Google updates search engine for fresher results
- 4 November 2011
- From the section Technology
Google has overhauled the way it serves up results in response to search queries.
The update is designed to work out whether a person wants up-to-date results or historical data.
The US firm estimated the alterations to its core algorithm would make a difference to about 35% of searches.
The changes try to make results more relevant and beef up features which Google believes set it apart from rivals.
By contrast, Microsoft's Bing search engine emphasises social search.
"Search results, like warm cookies right out of the oven or cool refreshing fruit on a hot summer's day, are best when they're fresh," wrote Google fellow Amit Singhal in a blogpost explaining the changes.
The under-the-hood changes sought to understand whether a searcher wants results "from the last week, day or even minute" said Mr Singhal.
The update is supposed to offer a better guess of how "fresh" the results should be.
For instance, said Mr Singhal, anyone searching for information about the "Occupy Oakland protests" would probably want up to the minute news.
These need to be distinguished from searches for regular events such as sports results or company reports.
Other types of searches could call on older results, he said. Those looking for a recipe to make tomato sauce for pasta quickly would be happy with a page that is a few months or years old.

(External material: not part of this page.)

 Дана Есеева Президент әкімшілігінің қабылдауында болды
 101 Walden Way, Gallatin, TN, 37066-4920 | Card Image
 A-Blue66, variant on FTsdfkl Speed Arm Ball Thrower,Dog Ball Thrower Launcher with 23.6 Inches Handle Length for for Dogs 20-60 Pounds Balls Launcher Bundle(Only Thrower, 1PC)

The update to improve the "freshness" of results builds on the big update made to the underlying infrastructure of Google's core indexing system in August 2010 known as Caffeine. That change made it easier for Google to keep its index up to date and to add new sources of information.
Writing on the Search Engine Land news site, analyst Danny Sullivan described the changes as "huge". The last big update to the Google algorithm, known as Panda, affected only 12% of searches.
The update could have potential disadvantages, warned Mr Sullivan.
"Rewarding freshness potentially introduces huge decreases in relevancy, new avenues for spamming or getting "light" content in," said Mr Sullivan.